Dropping every picture, set down exactly the lines in the entries below, starting with the line with "flat shoes Canvas" and going on through the line with "Pantaloni con vita".

** Opening Data to examine block **

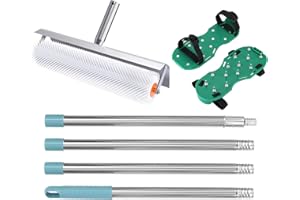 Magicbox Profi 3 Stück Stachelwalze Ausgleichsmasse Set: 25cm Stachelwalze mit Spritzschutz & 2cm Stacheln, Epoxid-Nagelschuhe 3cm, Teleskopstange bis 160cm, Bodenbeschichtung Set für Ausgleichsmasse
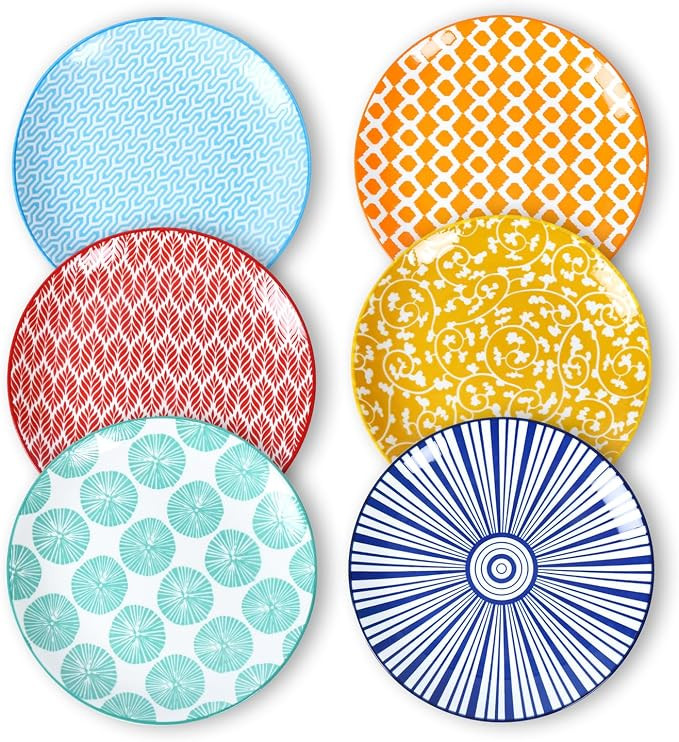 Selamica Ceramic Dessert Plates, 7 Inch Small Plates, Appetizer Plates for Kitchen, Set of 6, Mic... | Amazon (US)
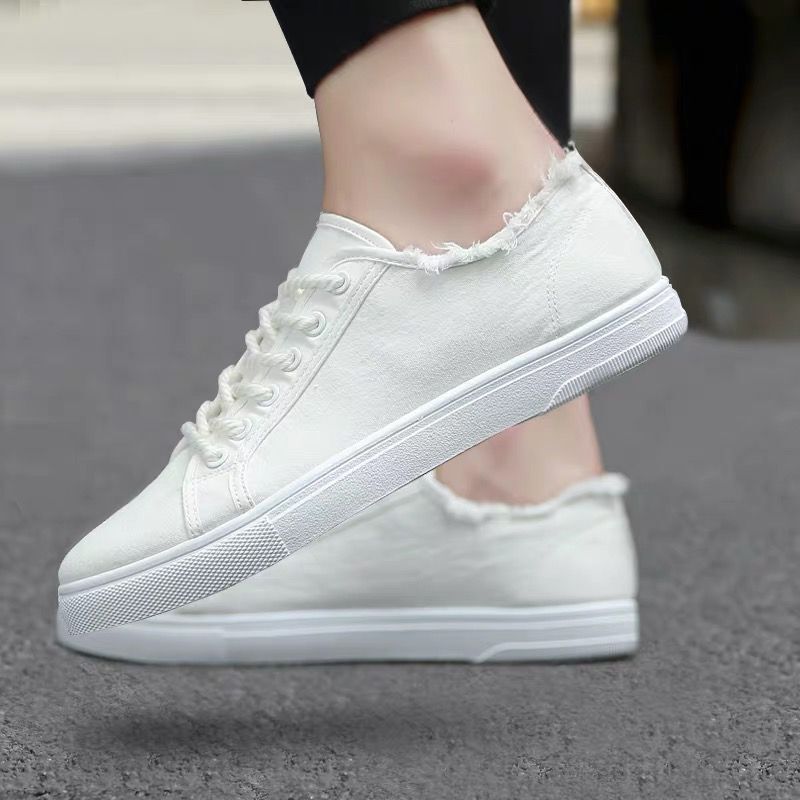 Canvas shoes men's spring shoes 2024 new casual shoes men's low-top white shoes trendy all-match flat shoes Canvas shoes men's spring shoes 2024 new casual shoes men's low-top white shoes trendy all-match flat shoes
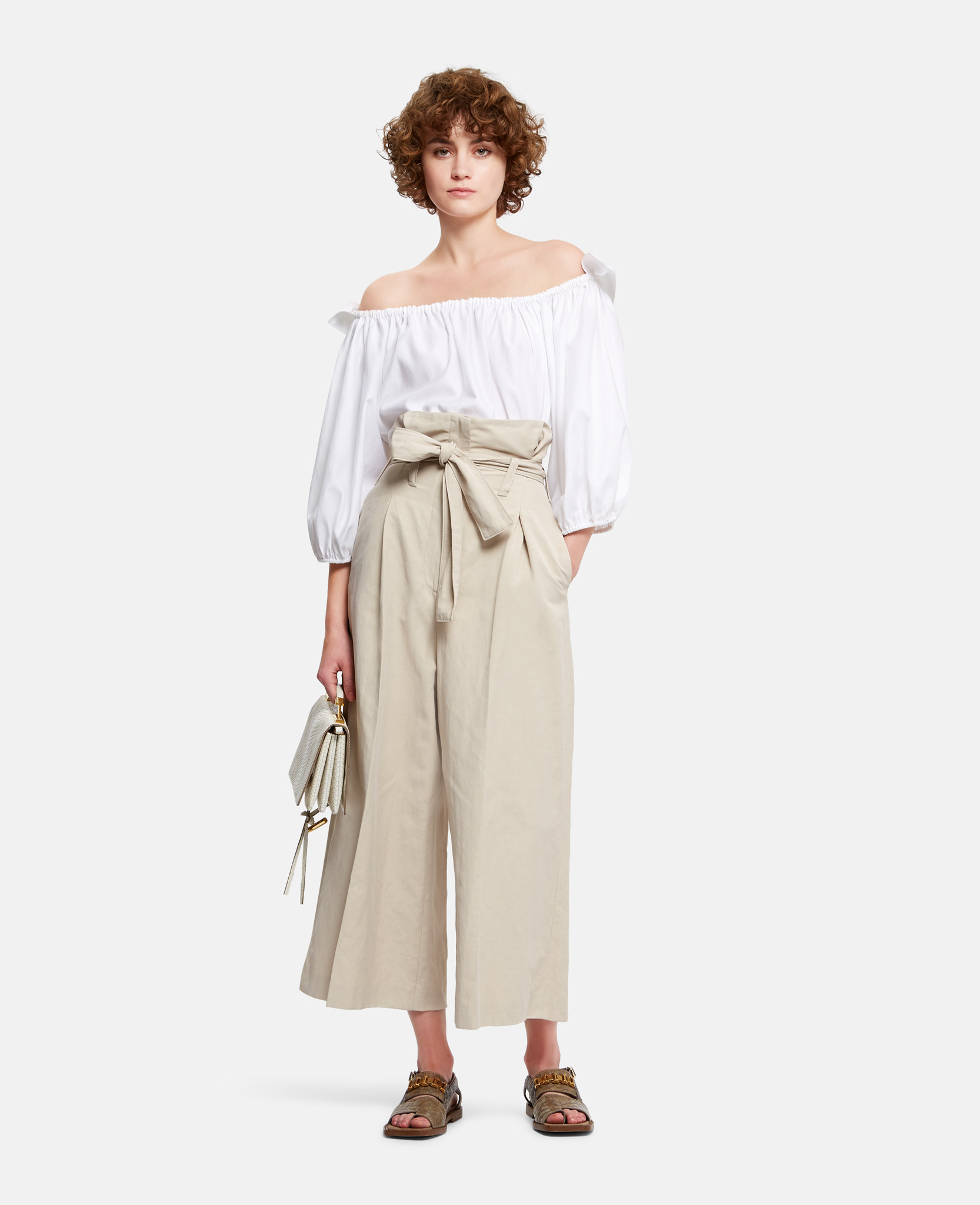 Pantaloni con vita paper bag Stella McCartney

** Closing Data to examine block **
** Opening Data to examine block **

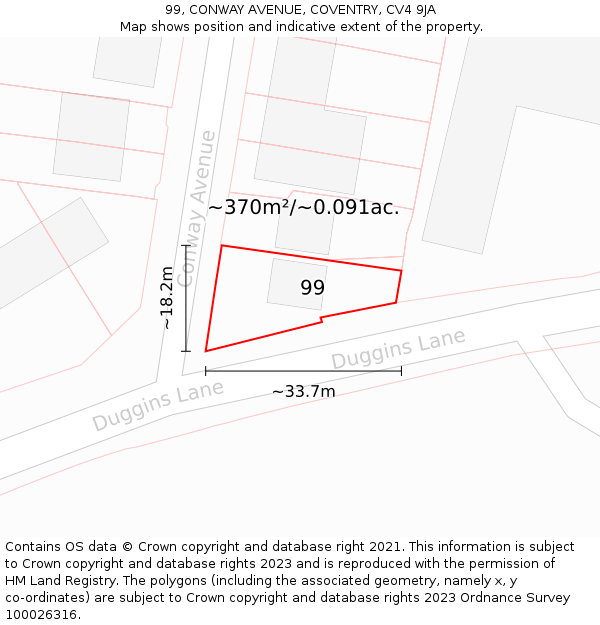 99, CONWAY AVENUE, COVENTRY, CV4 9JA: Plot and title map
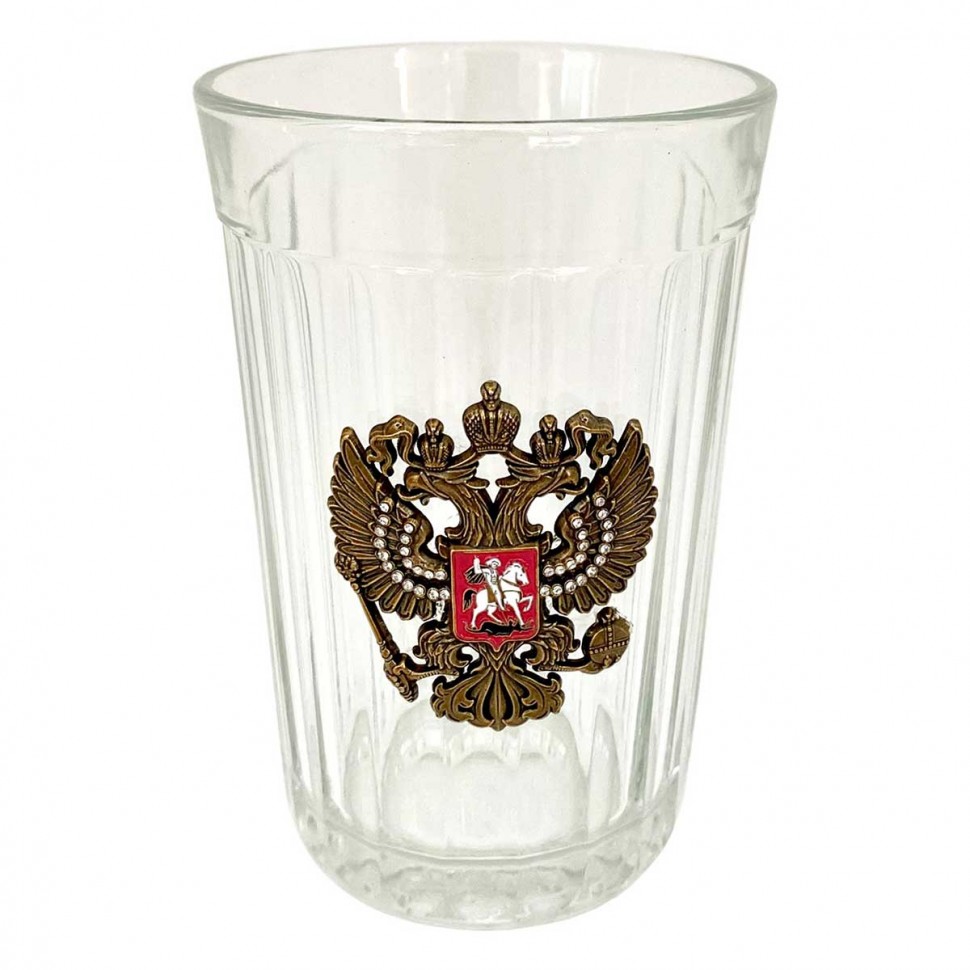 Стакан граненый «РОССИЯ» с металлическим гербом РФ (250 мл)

** Closing Data to examine block **

> Solution to this task:
 Canvas shoes men's spring shoes 2024 new casual shoes men's low-top white shoes trendy all-match flat shoes Canvas shoes men's spring shoes 2024 new casual shoes men's low-top white shoes trendy all-match flat shoes
 Pantaloni con vita paper bag Stella McCartney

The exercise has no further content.